Moving forward on several fronts
Addressing domestic violence against men requires movement on several fronts simultaneously.
The legal framework should move toward greater gender neutrality, ensuring that protection from intimate partner abuse is not contingent solely on the sex of the victim. At the same time, the current structure of the law reflects the empirical reality that women face a disproportionate burden of such violence, which justifies stronger, targeted protections. Any reform must therefore be carefully calibrated. There are legitimate concerns that expanding provisions without adequate checks could enable misuse or retaliatory complaints, including the risk of harassment through false allegations. Legislators, therefore, must balance two objectives: closing the gap in protection for male victims while embedding safeguards—such as rigorous evidentiary standards, penalties for proven false complaints, and impartial, gender-sensitive investigative procedures—to ensure that the law is not itself misused or turned into an instrument of coercion.
Support infrastructure must be built. Dedicated helplines, crisis counselling, and safe spaces for male survivors are nearly non-existent in India. NGOs and state governments could begin filling this gap relatively quickly if the political will existed.
In the interim, existing mental health helplines such as iCall and the Vandrevala Foundation are accessible to men, even though they are not male-specific services. Greater awareness of these platforms could provide immediate, practical avenues of support for those hesitant to approach formal legal channels.
Law enforcement and healthcare professionals also need sensitisation training. Many male victims who do come forward encounter responses ranging from indifference to ridicule. First responders who understand the dynamics of intimate partner violence, regardless of the genders involved, are essential to breaking the cycle of underreporting.
At the individual level, the role of friends, family, and colleagues is underestimated. Recognising that a man may be experiencing abuse, taking his disclosures seriously, resisting the impulse to minimise or joke, can be the first crack in the wall of isolation. Cultural change rarely begins with legislation; it begins with how we respond to the people we know.

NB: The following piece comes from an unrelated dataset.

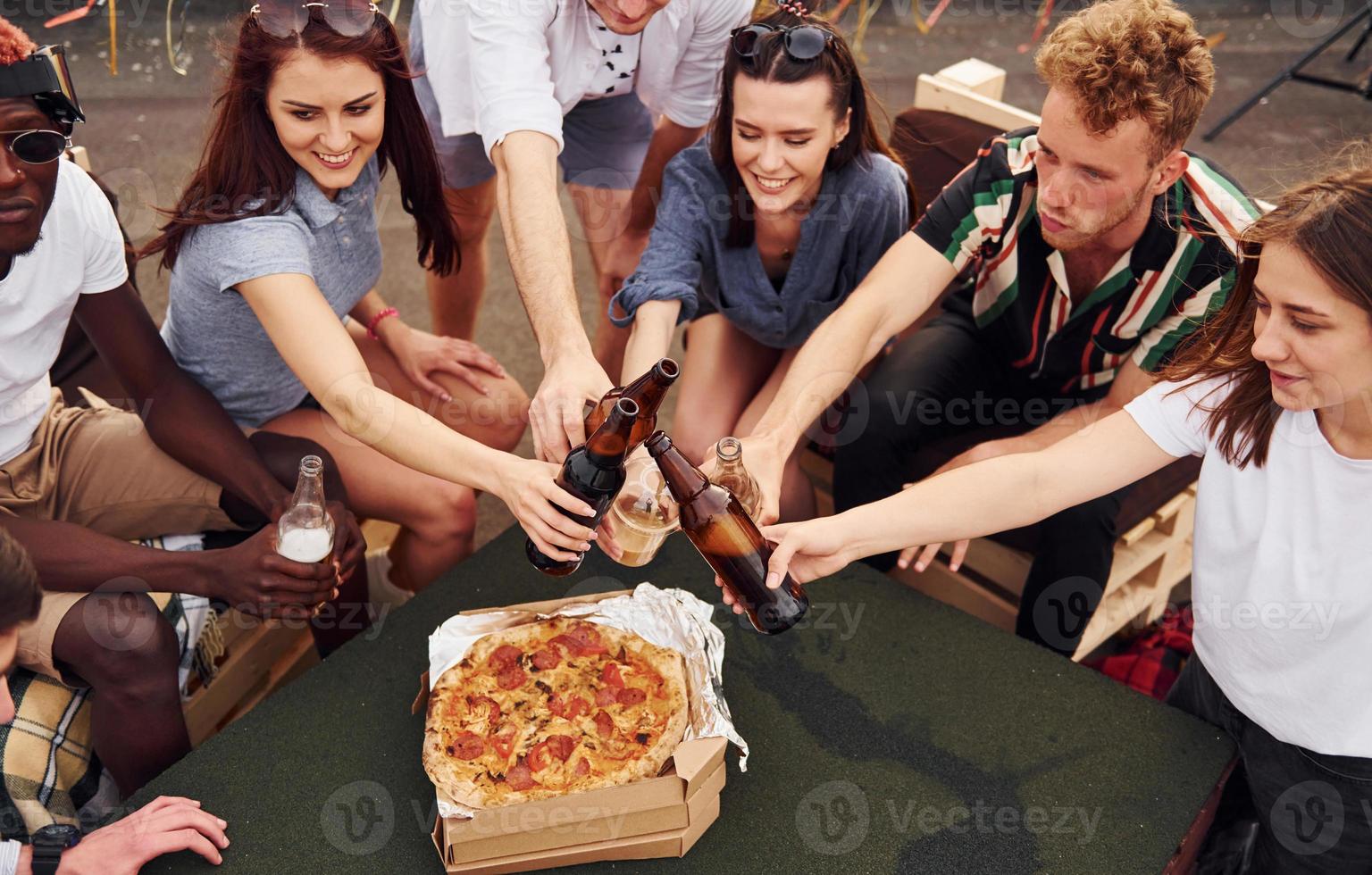 haciendo vítores por botellas con cerveza. un grupo de jóvenes con ropa informal tienen una fiesta en la azotea juntos durante el día foto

And perhaps most fundamentally, the cultural conversation needs to expand. Domestic violence against men is not a joke, not a contradiction in terms, and not a threat to feminist progress. It is a public health issue that our collective silence is actively worsening.
Again, none of this erases the structural realities that make women disproportionately vulnerable to domestic violence globally. Those realities are real and demand continued attention. But a society serious about ending gender-based violence cannot afford to maintain blind spots, not when the cost of those blind spots is measured in human suffering.
The question is not who suffers more. The question is whether we are willing to see everyone who suffers.